- [PROBLEM TO SOLVE]:
In the data below, restate exactly the lines from the one with "Oorbellen vierkan zirkoon" to the final line, both included, but not the pictures.

- [DATA EXTRACTS]:
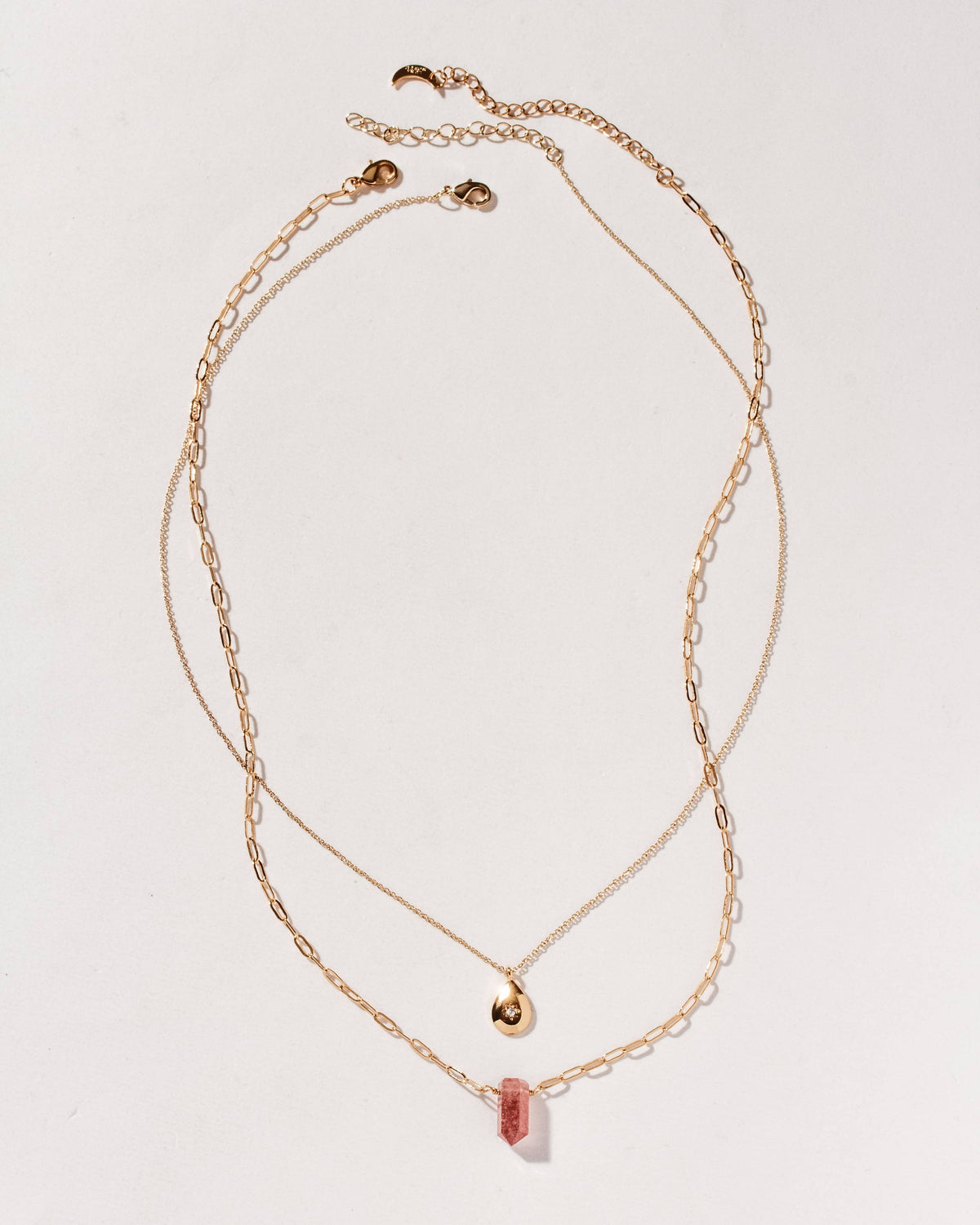 Golden Drip Necklace Set - Strawberry Quartz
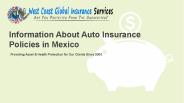 Information About Auto Insurance Policies in Mexico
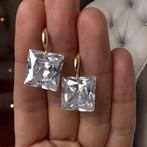 Oorbellen vierkan zirkoon verguld 14K, Met kristal, Hangers, Wit, Nieuw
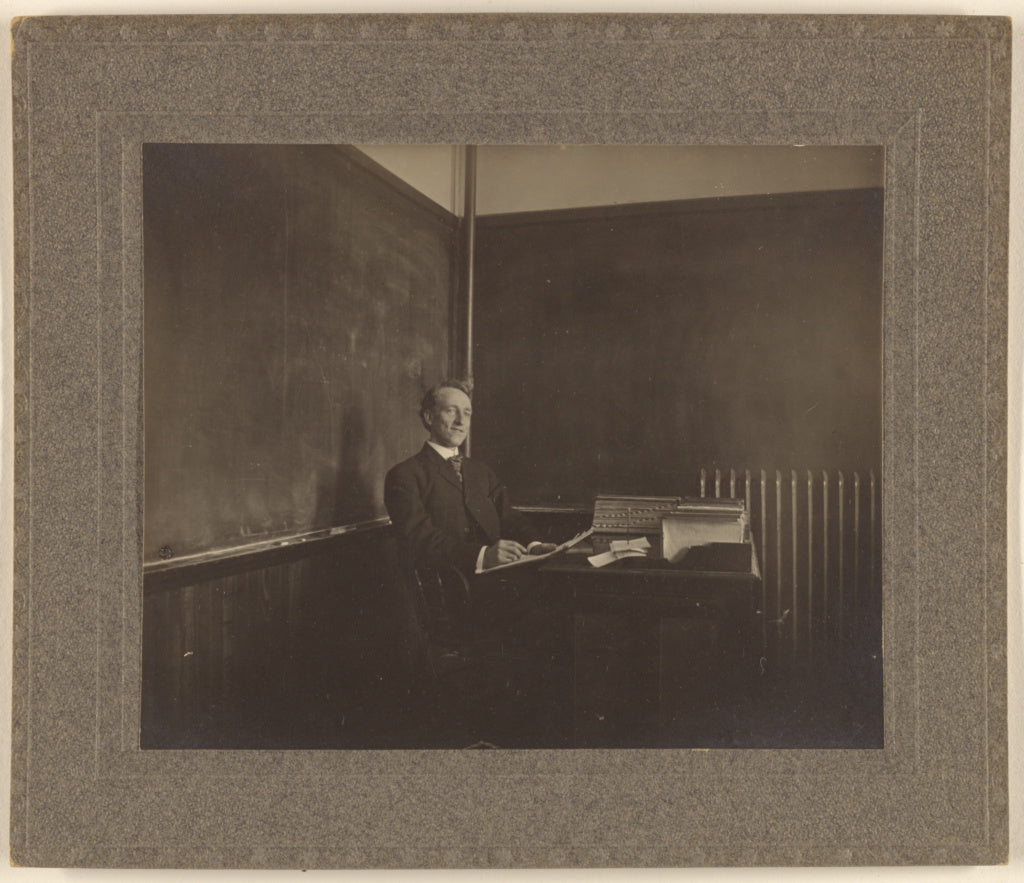 Unknown maker, American:[Portrait of a male teacher seated a, Poster Print Wall Art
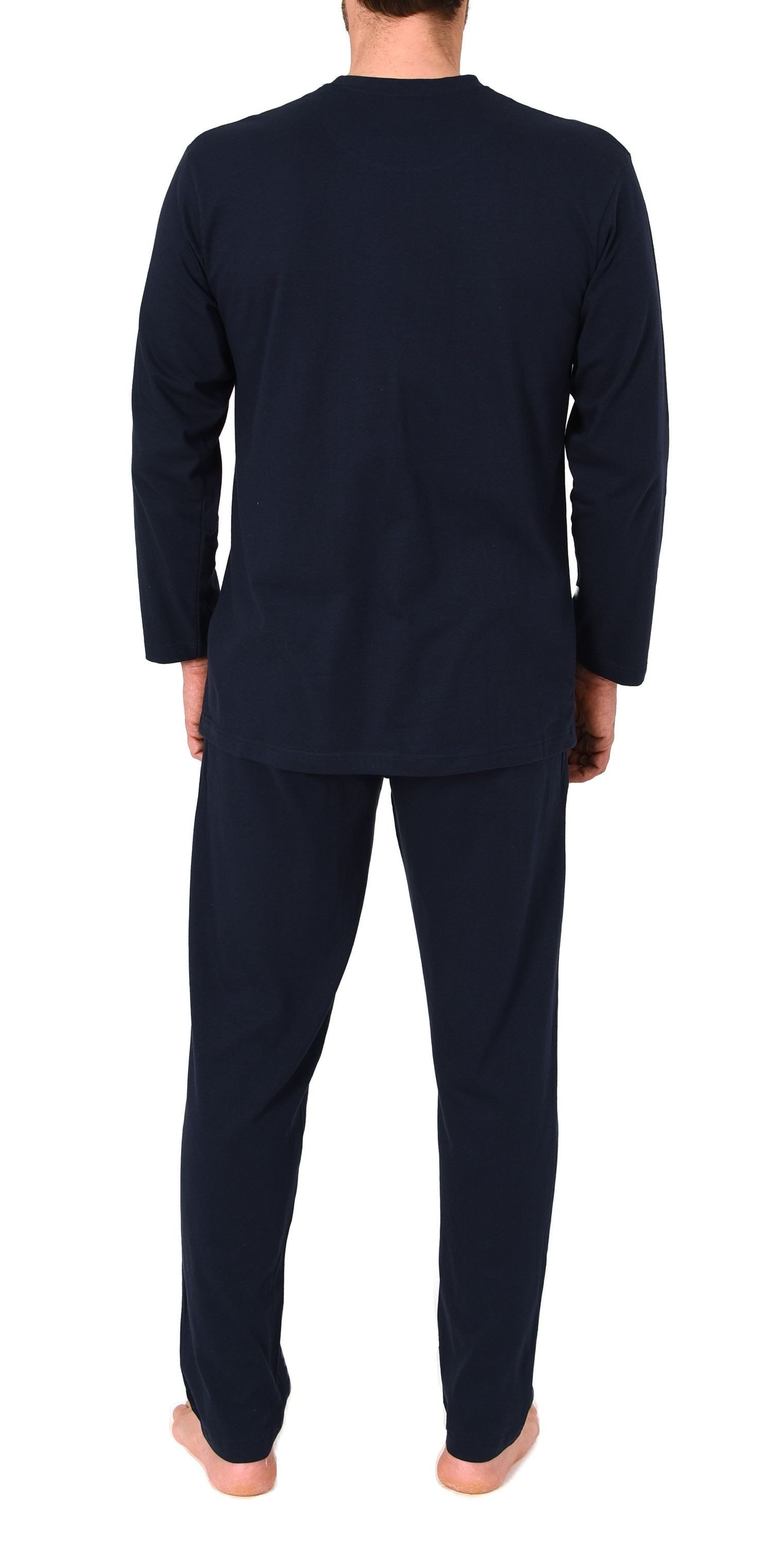 Normann Pyjama Normann Herren Schlafanzug lang Pyjama Frontprint - auch in Übergröße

- [RESULT]:
 Oorbellen vierkan zirkoon verguld 14K, Met kristal, Hangers, Wit, Nieuw
 Unknown maker, American:[Portrait of a male teacher seated a, Poster Print Wall Art
 Normann Pyjama Normann Herren Schlafanzug lang Pyjama Frontprint - auch in Übergröße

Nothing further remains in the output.